§ Task to complete: Your answer should hold all lines of the entries that include the word "with".

§ Short web captions:

-=-=-

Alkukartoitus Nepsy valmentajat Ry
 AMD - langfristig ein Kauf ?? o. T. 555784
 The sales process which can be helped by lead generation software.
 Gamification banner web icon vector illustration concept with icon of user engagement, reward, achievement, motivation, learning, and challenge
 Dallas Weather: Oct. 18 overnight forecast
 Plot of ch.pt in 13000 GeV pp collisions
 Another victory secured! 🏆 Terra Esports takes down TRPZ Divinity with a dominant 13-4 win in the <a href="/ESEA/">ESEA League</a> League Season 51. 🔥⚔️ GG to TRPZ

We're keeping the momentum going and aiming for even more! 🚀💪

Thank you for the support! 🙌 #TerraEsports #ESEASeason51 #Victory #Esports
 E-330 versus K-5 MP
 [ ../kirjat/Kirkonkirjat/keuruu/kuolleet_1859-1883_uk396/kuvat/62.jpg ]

-=-=-

§ Exercise output:
 Gamification banner web icon vector illustration concept with icon of user engagement, reward, achievement, motivation, learning, and challenge
 Another victory secured! 🏆 Terra Esports takes down TRPZ Divinity with a dominant 13-4 win in the <a href="/ESEA/">ESEA League</a> League Season 51. 🔥⚔️ GG to TRPZ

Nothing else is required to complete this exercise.